Created attachment 3615 [details] Change seccomp sandbox default action to ENOSYS From time to time, glibc changes its syscall wrappers to make use of new Linux kernel facilities. The strategy it uses for this is often to try more recently-introduced syscalls, but fall back to older ones if it gets ENOSYS, allowing it to cope gracefully with running on older kernel versions. Unlike (as I understand it) OpenBSD's pledge(2), sandboxing using Linux's seccomp inherently violates the abstraction layer of C library calls to at least some extent, forcing programs that use it to keep track of changes to the C library. While OpenSSH has been doing a reasonable job at keeping up with this, it's fragile and typically reactive; I've had to update OpenSSH in Debian stable releases in the past to keep up with new kernels, or sometimes edge cases on less widely-used architectures. (In the linked bug, Julian also points out that it can cause issues when running older userspace versions in containers or similar on top of newer host kernels, as you might expect from this class of problem.) I would like sshd to be less fragile here. The attached patch is one possible suggestion for making this less of a problem in future. It passes the regression tests here, but is otherwise definitely in the nature of an RFC.

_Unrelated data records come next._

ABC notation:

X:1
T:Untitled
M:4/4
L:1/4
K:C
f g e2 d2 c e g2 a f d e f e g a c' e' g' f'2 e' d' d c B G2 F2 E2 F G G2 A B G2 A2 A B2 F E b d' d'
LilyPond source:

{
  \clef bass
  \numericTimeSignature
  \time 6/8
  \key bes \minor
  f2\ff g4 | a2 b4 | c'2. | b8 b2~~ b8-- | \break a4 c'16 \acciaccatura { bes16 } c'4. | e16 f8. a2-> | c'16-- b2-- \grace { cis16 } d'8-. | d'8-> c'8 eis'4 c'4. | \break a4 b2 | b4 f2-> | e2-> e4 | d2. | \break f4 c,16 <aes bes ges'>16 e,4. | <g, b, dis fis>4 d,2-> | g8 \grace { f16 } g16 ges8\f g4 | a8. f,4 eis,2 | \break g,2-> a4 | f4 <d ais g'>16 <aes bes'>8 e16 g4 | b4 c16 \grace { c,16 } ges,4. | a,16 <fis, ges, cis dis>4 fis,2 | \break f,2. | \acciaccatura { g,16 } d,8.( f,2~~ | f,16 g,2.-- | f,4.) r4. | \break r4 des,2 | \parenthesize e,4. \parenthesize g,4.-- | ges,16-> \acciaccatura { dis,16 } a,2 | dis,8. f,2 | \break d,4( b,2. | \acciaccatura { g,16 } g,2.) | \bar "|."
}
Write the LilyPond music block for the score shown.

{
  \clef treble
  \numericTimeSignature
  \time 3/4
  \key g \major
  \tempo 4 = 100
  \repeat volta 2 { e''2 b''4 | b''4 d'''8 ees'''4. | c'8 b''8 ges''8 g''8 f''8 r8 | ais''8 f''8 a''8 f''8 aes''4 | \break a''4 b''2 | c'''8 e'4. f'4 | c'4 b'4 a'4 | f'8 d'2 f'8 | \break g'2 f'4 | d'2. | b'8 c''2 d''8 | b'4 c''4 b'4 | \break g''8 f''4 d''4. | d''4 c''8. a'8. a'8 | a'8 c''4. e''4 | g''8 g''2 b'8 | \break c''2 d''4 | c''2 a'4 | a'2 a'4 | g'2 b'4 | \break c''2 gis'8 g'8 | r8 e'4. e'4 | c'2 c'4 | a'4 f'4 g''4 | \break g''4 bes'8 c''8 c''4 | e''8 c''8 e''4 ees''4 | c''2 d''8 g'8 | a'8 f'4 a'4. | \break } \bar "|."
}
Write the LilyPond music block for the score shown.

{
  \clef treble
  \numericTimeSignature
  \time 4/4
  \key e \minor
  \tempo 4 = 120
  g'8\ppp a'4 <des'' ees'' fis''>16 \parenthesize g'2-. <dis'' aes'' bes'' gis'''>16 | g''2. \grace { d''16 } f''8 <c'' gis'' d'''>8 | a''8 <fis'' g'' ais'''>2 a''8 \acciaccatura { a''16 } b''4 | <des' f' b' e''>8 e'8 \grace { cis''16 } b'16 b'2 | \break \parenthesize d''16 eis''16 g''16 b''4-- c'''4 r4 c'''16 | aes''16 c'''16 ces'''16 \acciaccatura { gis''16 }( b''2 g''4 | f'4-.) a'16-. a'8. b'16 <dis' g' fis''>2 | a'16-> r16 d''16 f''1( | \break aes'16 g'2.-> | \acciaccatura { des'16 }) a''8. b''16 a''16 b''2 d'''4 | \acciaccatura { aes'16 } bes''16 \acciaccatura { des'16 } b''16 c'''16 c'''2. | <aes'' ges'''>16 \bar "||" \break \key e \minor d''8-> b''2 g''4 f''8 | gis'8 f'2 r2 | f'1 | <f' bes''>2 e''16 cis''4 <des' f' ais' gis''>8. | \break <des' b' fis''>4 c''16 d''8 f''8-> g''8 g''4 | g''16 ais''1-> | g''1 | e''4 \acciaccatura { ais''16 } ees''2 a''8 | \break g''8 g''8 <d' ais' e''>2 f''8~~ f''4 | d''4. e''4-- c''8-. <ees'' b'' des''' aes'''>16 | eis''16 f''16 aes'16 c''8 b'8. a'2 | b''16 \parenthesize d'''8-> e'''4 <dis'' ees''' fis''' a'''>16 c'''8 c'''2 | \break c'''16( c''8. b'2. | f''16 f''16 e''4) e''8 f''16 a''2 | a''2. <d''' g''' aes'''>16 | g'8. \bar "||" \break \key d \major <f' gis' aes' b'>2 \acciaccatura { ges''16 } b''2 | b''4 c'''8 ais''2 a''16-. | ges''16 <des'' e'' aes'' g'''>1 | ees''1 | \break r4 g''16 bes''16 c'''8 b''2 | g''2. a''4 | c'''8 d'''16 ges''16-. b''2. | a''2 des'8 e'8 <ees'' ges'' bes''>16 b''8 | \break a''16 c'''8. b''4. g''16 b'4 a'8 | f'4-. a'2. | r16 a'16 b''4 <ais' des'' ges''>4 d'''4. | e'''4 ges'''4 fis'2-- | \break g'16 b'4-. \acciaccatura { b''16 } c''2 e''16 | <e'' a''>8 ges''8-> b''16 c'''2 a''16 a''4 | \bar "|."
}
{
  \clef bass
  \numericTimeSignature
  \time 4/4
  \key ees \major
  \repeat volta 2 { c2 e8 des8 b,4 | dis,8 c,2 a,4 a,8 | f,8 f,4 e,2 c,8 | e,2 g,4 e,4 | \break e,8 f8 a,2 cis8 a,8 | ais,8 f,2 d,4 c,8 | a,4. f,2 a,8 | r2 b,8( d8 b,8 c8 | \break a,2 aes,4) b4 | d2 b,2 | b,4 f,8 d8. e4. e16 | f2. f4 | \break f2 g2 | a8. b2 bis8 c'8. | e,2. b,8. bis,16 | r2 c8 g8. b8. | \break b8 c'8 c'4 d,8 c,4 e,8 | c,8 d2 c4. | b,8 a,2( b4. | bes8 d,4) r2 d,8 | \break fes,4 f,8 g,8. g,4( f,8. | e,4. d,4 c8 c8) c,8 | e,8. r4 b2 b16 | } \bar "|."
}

(In reply to Colin Watson from comment #0) > From time to time, glibc changes its syscall wrappers to make use of > new Linux kernel facilities. The strategy it uses for this is often > to try more recently-introduced syscalls, but fall back to older > ones if it gets ENOSYS, allowing it to cope gracefully with running > on older kernel versions. Arbitrarily failing syscalls that do not normally fail has been the source of serious security vulnerabilities in the past (eg CVE-2000-0506). That's why the default action is "kill" instead of "fail" and others are considered on a case by case basis. > it's fragile and typically reactive You omitted "architecture dependent" :-) Our CI tests on amd64, i386, arm, arm64, mips, mipsel and riscv64 but it's impossible for us to cover every architecture/kernel/glibc combination. > sandboxing using > Linux's seccomp inherently violates the abstraction layer of C > library calls to at least some extent, forcing programs that use it > to keep track of changes to the C library. I think that's a pretty good argument that glibc should provide an interface that is usable by applications that does not have that layering violation. Even just being able to specify the filters by libc function name rather than syscall name would help a lot, however I suspect doing that would be challenging given that the kernel and glibc are developed independently.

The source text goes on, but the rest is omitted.